This absolutely should start people asking themselves, what’s this is going to become, cause this is not the end of free speech, this is step one,, and it will grow bigger and worse.
Time for this government to step down, and call an election, they have absolutely wrecked Canada, and it’s good name.
We are not , for sale ,stupid, everyone sees what’s going on.
Call for a election, now -
Bernhard Jatzeck commented 2026-05-29 20:42:47 -0400Bruce:
The government can begin by taking away frequencies from the CB and amateur radio services, thereby making it illegal to transmit on them.
Then again, I don’t know how serious the government takes them. The citizen’s band service is located around 27 MHz and that part of the spectrum has been license-free for years. (I’m old enough to remember when CBers were legally required to have a license—XM prefix, as I recall—but that was something like 50 years ago.) The regulations for CB operation are quite loose compared with hams.

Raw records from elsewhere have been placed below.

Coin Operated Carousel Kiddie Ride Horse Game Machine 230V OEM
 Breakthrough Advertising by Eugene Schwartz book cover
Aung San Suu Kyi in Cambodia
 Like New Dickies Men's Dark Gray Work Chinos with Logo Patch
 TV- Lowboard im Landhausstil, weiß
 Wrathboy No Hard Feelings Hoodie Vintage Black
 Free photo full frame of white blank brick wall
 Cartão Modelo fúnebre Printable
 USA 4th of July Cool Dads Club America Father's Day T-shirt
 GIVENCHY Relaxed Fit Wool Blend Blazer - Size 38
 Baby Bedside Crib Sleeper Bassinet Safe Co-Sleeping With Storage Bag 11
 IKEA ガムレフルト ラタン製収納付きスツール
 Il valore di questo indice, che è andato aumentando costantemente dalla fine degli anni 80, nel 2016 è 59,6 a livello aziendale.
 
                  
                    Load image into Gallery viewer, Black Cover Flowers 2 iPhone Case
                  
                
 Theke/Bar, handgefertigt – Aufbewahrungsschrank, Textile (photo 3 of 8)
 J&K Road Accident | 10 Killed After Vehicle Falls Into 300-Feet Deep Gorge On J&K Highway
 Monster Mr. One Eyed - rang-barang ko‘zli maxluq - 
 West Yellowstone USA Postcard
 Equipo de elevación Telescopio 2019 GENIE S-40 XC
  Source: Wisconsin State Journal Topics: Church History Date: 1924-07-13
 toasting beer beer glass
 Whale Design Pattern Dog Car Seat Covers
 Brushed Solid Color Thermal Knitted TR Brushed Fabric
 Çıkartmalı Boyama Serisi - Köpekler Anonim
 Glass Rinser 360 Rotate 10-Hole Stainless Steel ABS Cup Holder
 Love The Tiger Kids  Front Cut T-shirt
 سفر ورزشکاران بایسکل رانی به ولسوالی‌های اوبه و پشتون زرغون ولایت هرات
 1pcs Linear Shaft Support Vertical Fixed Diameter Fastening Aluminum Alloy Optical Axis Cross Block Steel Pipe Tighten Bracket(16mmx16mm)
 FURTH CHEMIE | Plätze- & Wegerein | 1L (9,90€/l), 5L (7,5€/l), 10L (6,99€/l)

As for amateur radio, it seems to be a government problem child. It appears to have moved from one department to another over the years. I recall when it came under the jurisdiction of the Department of Transport more than half a century ago. Since then, it’s been shuffled around and now it’s part of Industry, Science, and Economic Development.
Considering how little attention the government pays to CBers and hams, I’m not about to get worried. -
Bruce Atchison commented 2026-05-29 19:18:18 -0400What about good old CB radio and VHF walkie-talkies? And as for this censorship, Alberta could avoid this by separating from the WEF government being imposed on citizens.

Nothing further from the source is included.